**Brief:** Would you return, word for word, the lines running from the one with "Hello Summer Sublimation" to the final line of the listing below, pictures omitted?

**Extracted information:**

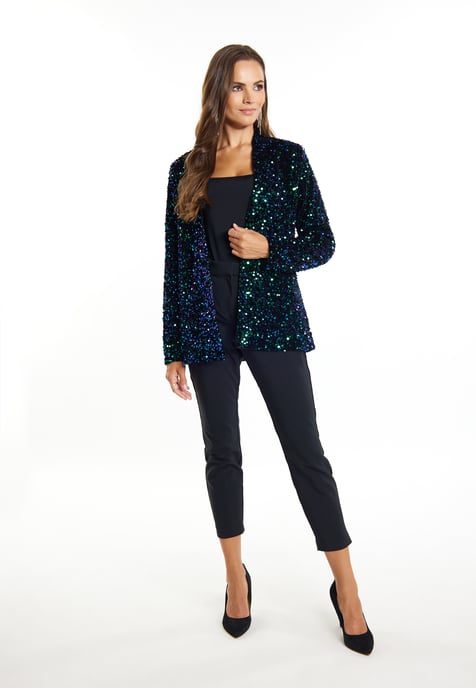 Faina Blazer mit Pailletten Damen Blau Grün Mehrfarbig - Image 2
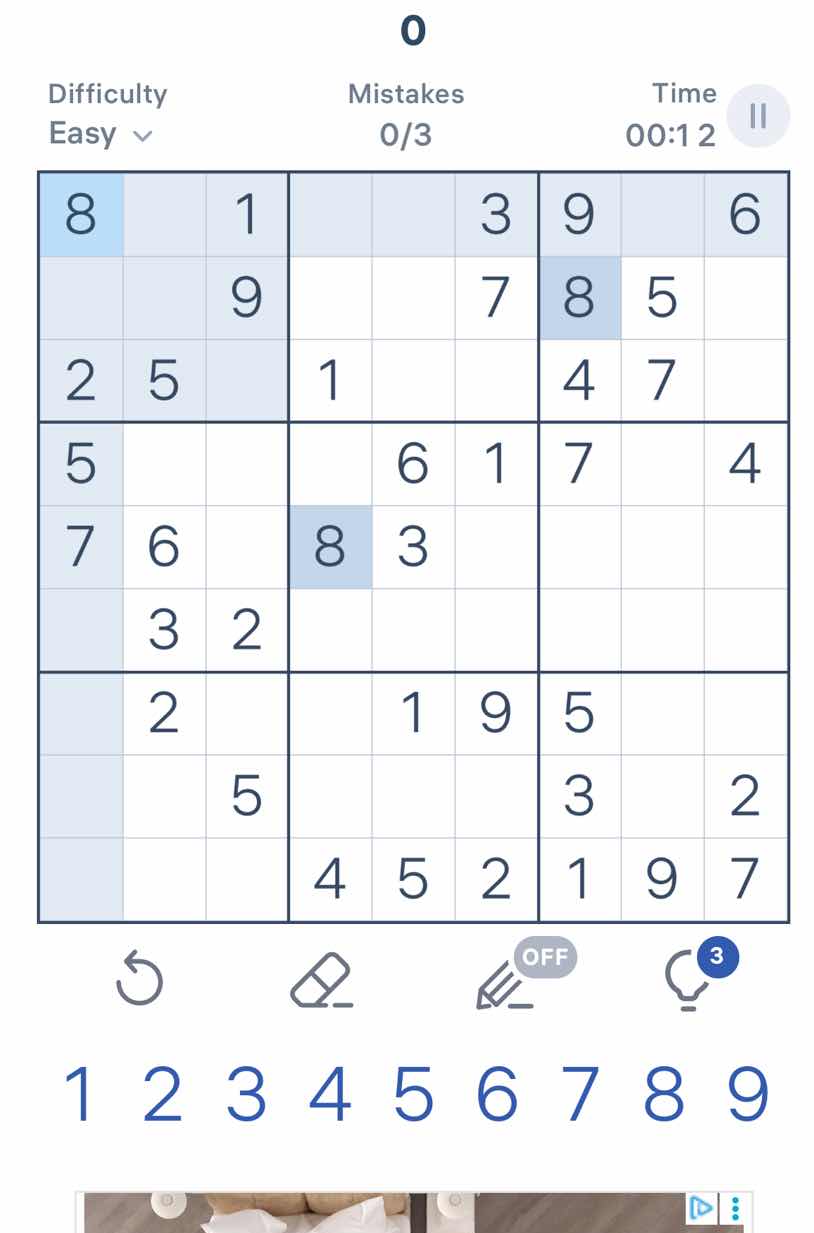 difficulty easy mistakes 0/3 time 00:12 8 1 3 9 6 9 7 8 5 2 5 1 4 7 5 6…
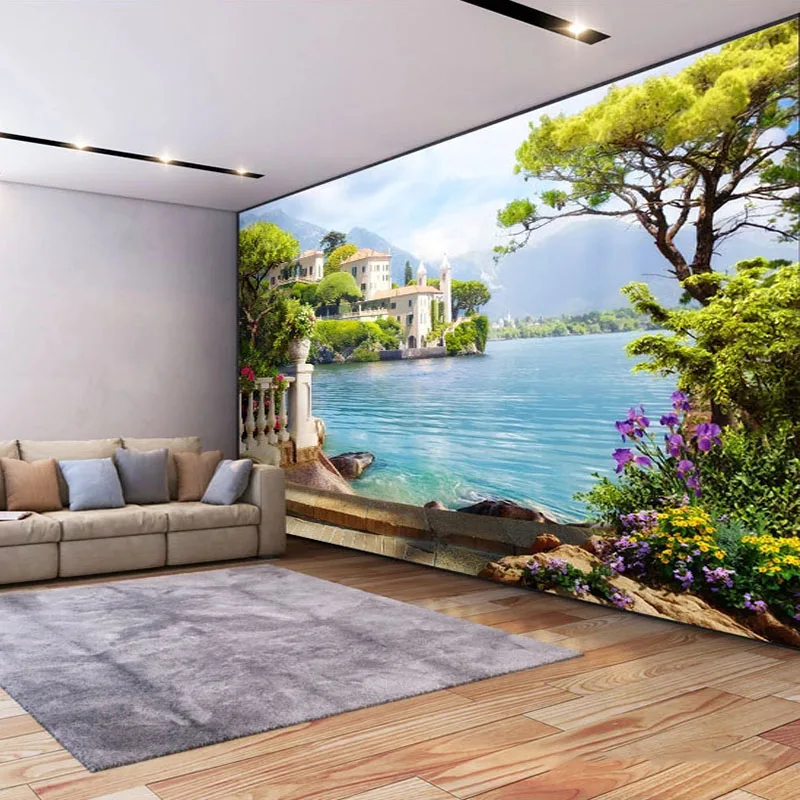 Photo Wallpaper 3D Garden Lake Scenery Murals Living Room TV Sofa Background Wall Painting Modern Home Decor Wall Paper For Wall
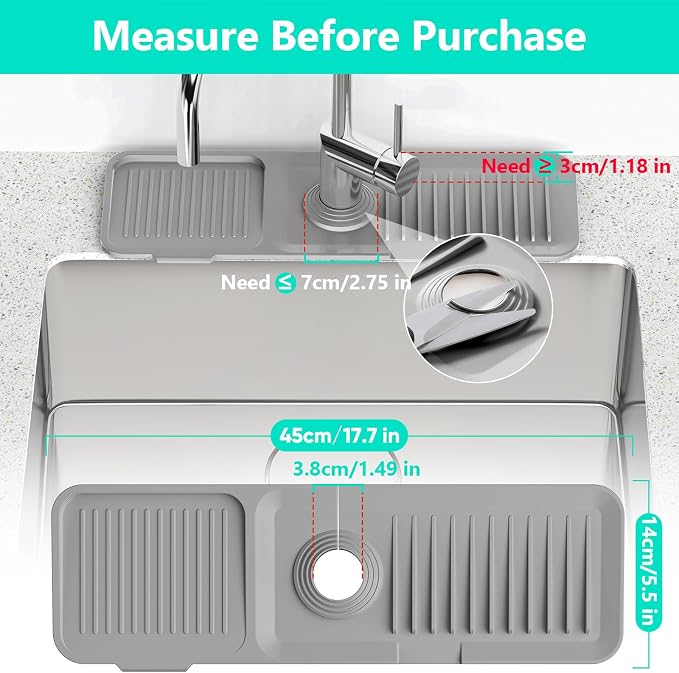 17.7'' Faucet Mat for Kitchen Sink [5°Slope Fast Self-draining] Kitchen Sink Splash Guard Silicone Kitchen Sink Faucet Mat Splash Guard for Kitchen Sink Area Tidy Splash Faucet Guard Draining Mat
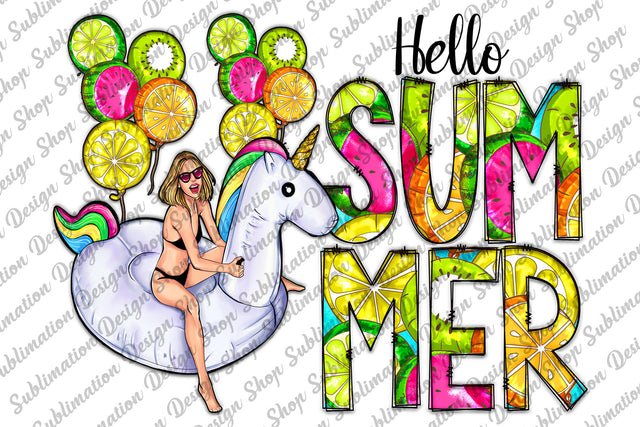 Hello Summer Sublimation Design, Unicorn Png, Summer Design, Fruits Png, Doodle Png, Summer Girl Png, Instant Download, Sublimation Designs Sublimation SublimationDesignShop 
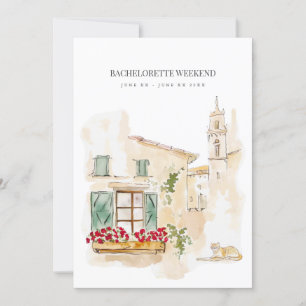 Toscane Aquarelle Bachelorette Weekend Invitation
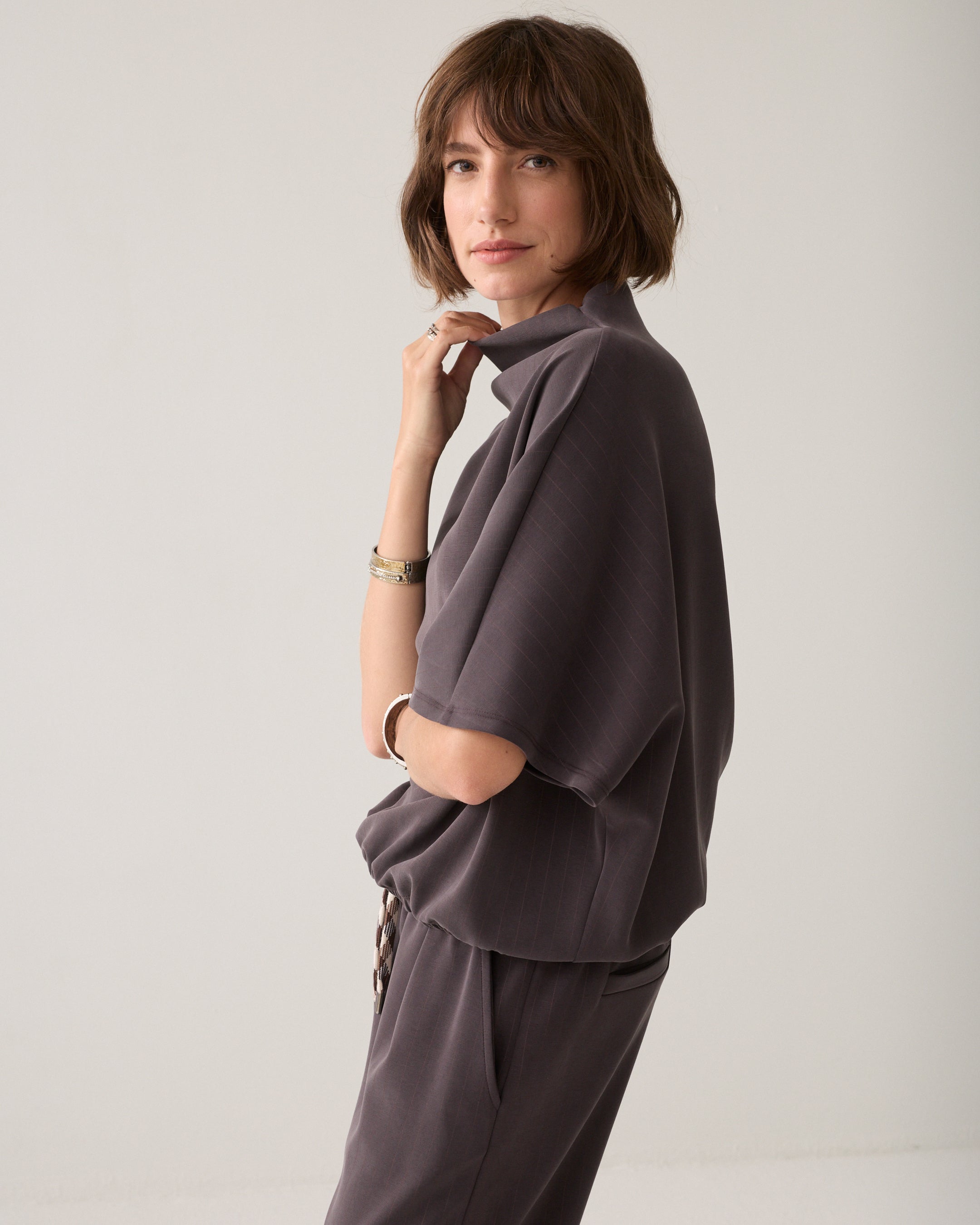 Dark Chocolate Pinstripe Top - 3s5363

**Worked solution:**
 Hello Summer Sublimation Design, Unicorn Png, Summer Design, Fruits Png, Doodle Png, Summer Girl Png, Instant Download, Sublimation Designs Sublimation SublimationDesignShop 
 Toscane Aquarelle Bachelorette Weekend Invitation
 Dark Chocolate Pinstripe Top - 3s5363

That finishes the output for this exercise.